PS In reazione a quanto scritto qui oggi Renato Farina mi ha mandato due Whatsapp di grande importanza, proprio nel senso dell’intenzione di quanto avevo scritto. 1. „Ricordo molto bene il tempo delle Malvinas. Ricordo che fu Francesco Ricci con Buttiglione e Methol Ferrè a farci scegliere pro Malvinas. Io feci un titolo memorabile. “Falklands, anzi Malvinas” (Editoriale de „Il Sabato“)! Il Papa temeva - lo so! - che gli inglesi tirassero missili nucleari di cui le loro navi erano armate!“. 2. „Si, ho scritto la verità - e ti dico anche che le mie fonti sul timore di S GPII sull’armamento nucleare britannico e sulla attendibilità di questa minaccia furono due - la prima di un sacerdote di cui non rivelo il nome e frequentava il Santo Padre; la seconda fu Joseph Vandrisse, padre bianco, compianto e autorevole vaticanista del Figaro, vicinissimo al Papa. Mi disse anche che personalmente temeva che il decisivo intervento del Papa, tramite il cardinale Samorè, per scongiurare la guerra considerata inevitabile tra Argentina e Cile, lo avesse esposto e tuttora lo facesse oggetto di gravi minacce da parte dell’industria bellica“. Grazie a Renato per il permesso di pubblicare queste righe. 

(26.5.23 - San Filippo Neri) Per quanto riguarda il capitolo „Ai piedi della Cordigliera delle Ande. Settembre 1981, vorrei commentare solo alcuni punti e persone.
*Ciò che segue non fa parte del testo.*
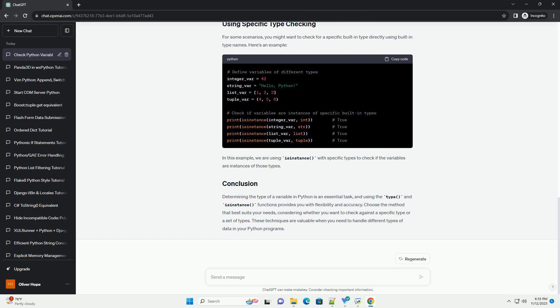The type() function is a built-in function in Python that returns the type of an object. You can use this function to check if a variable is an instance of a built-in type.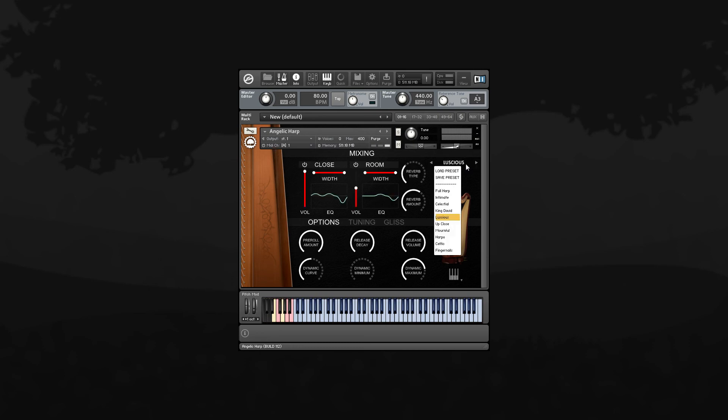Finally, you can load and save external preset files, which makes it easy to share your mixes with other users.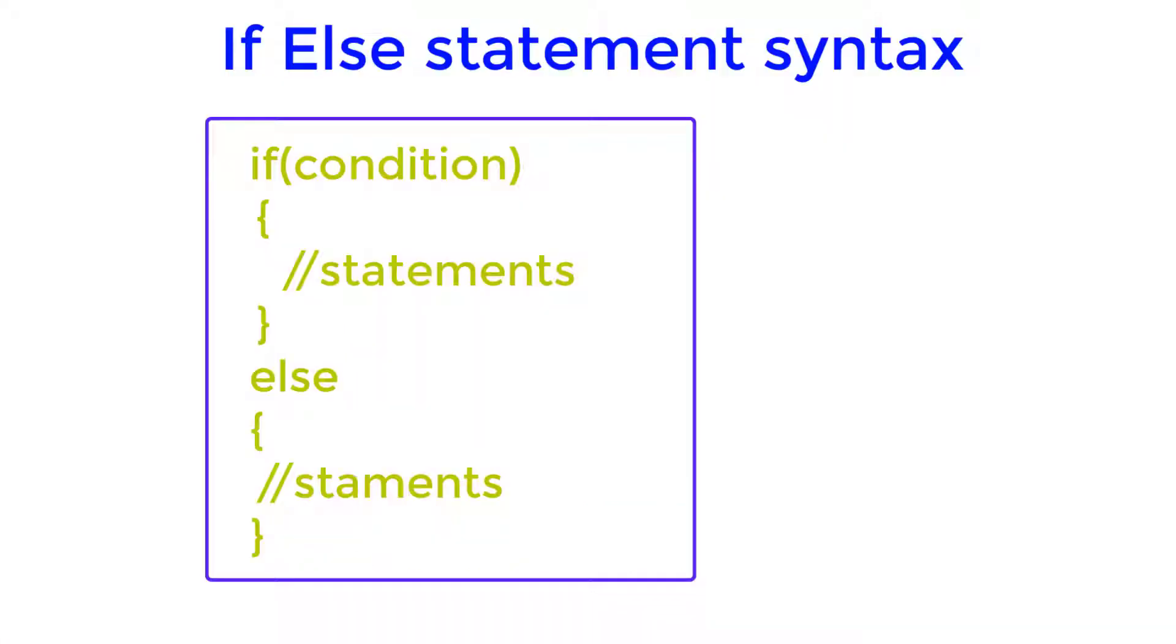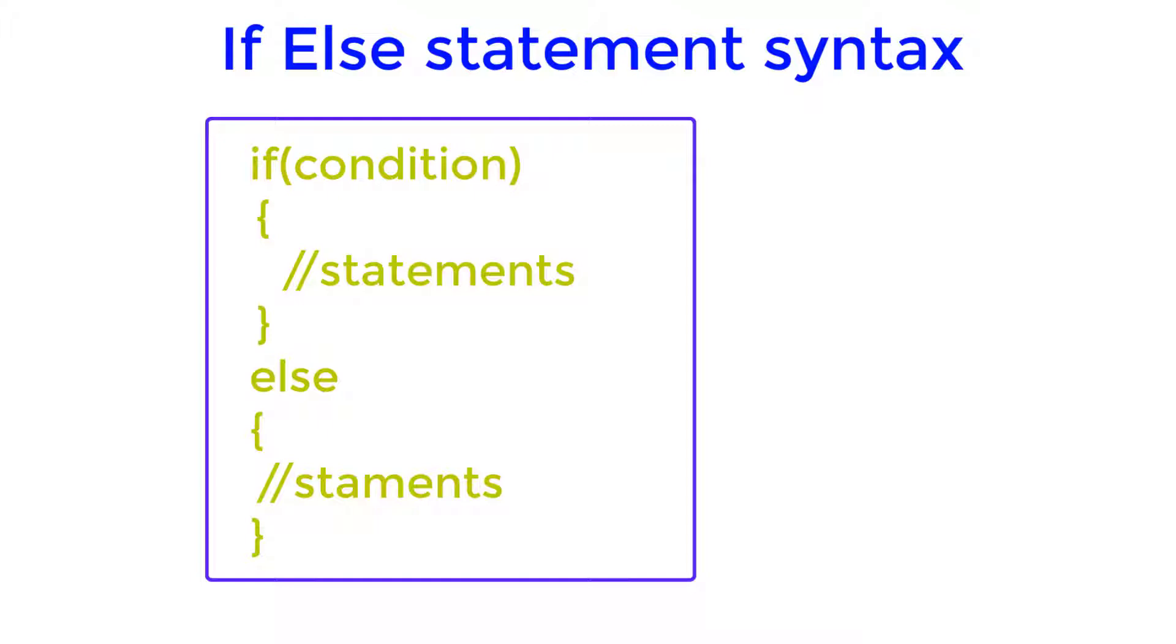First of all, let's learn the syntax of if-else statement. It consists of two blocks: the if block and the else block. The if block holds some condition inside the parenthesis and based on the condition it prints the statement that is enclosed within the brackets. If the condition is true then it will execute the statement, and if the condition is false then the statements inside the else block will be executed.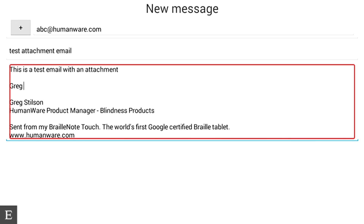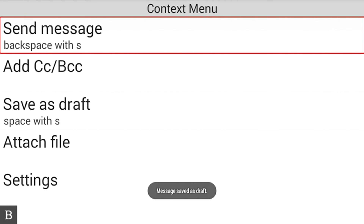You may be wondering how to actually attach a file. In a previous video, we created a document called Video Document. To attach that DOCX file created in Keyword, I can go into the contextual menu, which is available in every Keysoft application and even some third-party apps. It shows all the functions available in the application. I'm going to press Space+M to open the context menu. The first option shown is Send Message with the shortcut Backspace+S.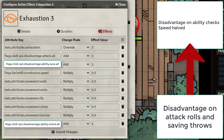For Exhaustion Rank 3 we're raising it up to 3. We're giving them now disadvantage on attack rolls and saving throws, and then also all the previous effects from Ranks 2 and 1.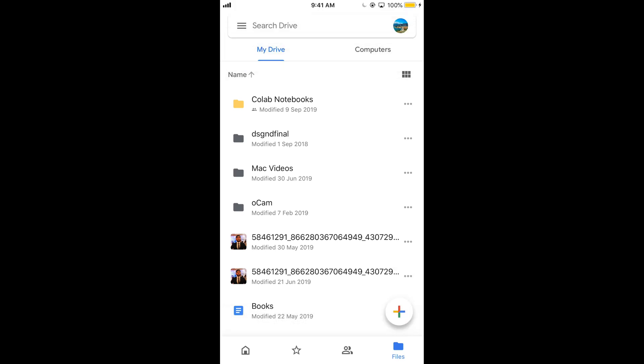So hope it has helped you in sharing the files as well as folders on Google Drive, on Android as well as iOS devices. But before you go please like, subscribe and share. Thank you.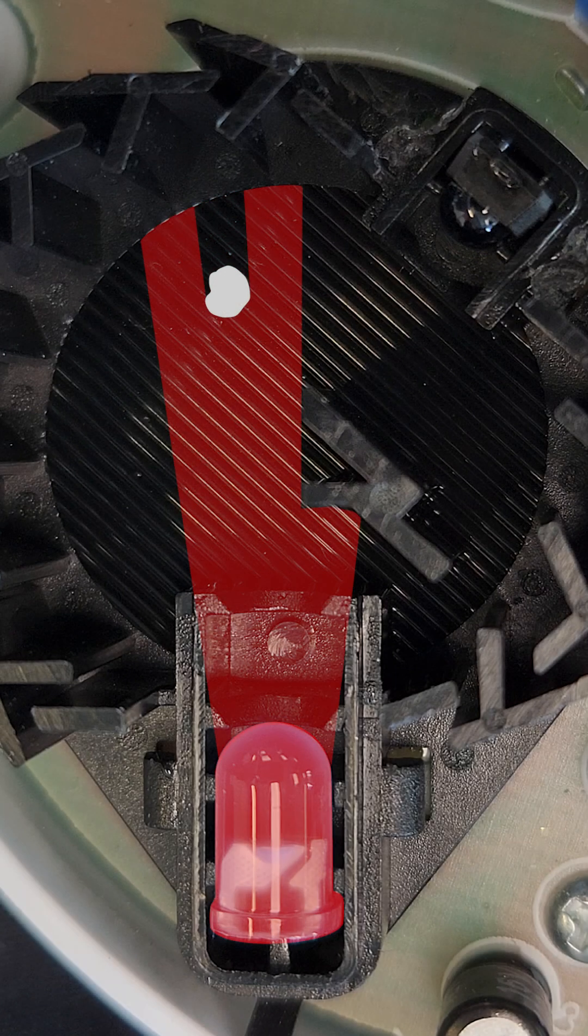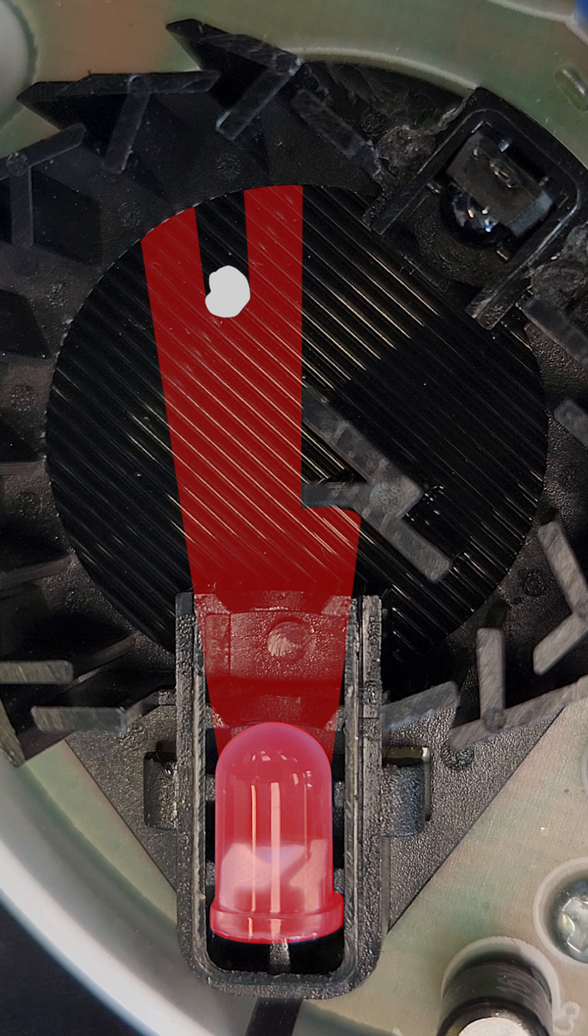However, if smoke were to enter the chamber and scatter the infrared light, a portion would now reach the photodiode.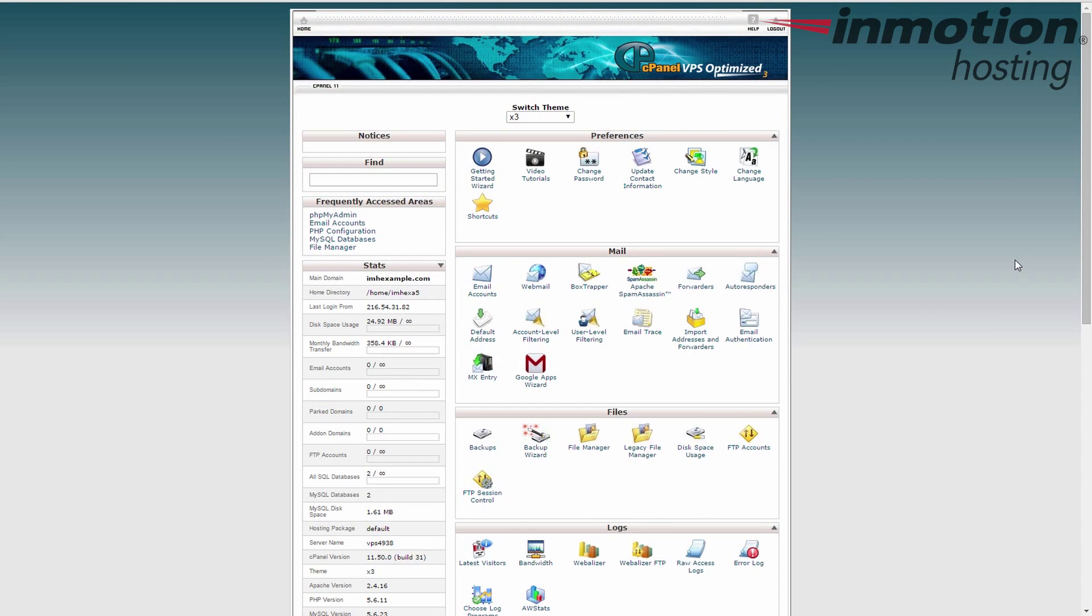Hey guys, today we're going to show you how to view your disk space usage and your monthly bandwidth usage from within your cPanel.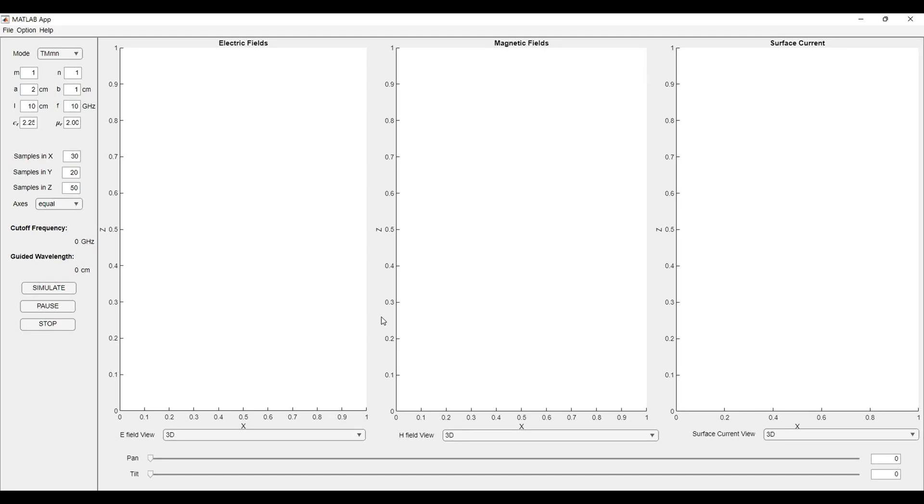Hello everyone, welcome to my YouTube channel. In this video we will be looking at an application that is waveguide field and current simulator.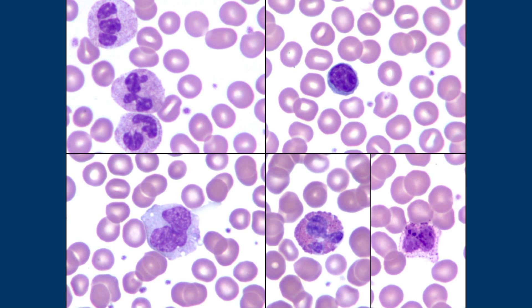Neutrophils generally have three to five segments. If more than 5% of your neutrophils have five or more segments, those are considered hypersegmented. Neutrophils with fewer than three segments are hyposegmented. Seeing five segments in just one cell isn't necessarily a problem — it only matters if it's more than 5% of the total. Keep in mind that cytospin slides can artificially give you increased segmentation, so that rule goes out the window on cytospins.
Io stesso nel settembre del 1981 ero di nuovo in Italia e cominciavo lo studio di filosofia all’università di Torino. Nell’estate ero stato a Münster, nel monastero dei cappuccini, tramite un padre cappuccino, Padre Osmund, se mi ricordo bene, che aveva conosciuto anni addietro padre Felice di Santa Maria del Tempio, che era nella parrocchia, a cui facevano riferimento i miei nonni. Io vivevo a Torino e non partecipavo più alla vita della Chiesa, ma il padre Felice, che era tra l’altro innamorato dei „Promessi sposi“ di Manzoni, mi permise di andare a Münster. A Münster, sebbene fossi all’inizio della mia fase utopica, andavo ogni giorno alla Santa Messa nel duomo di Münster, celebrata da padre Osmund, che era il confessore del duomo e specialista dell’AT, perché celebrava in modo molto chiaro e mi permetteva di imparare il tedesco. Un padre di Schönstatt, si accorse di ciò e mi accostò nella mensa, dialogando si stupì che andassi alla Santa Messa, sebbene non credessi più in Dio. 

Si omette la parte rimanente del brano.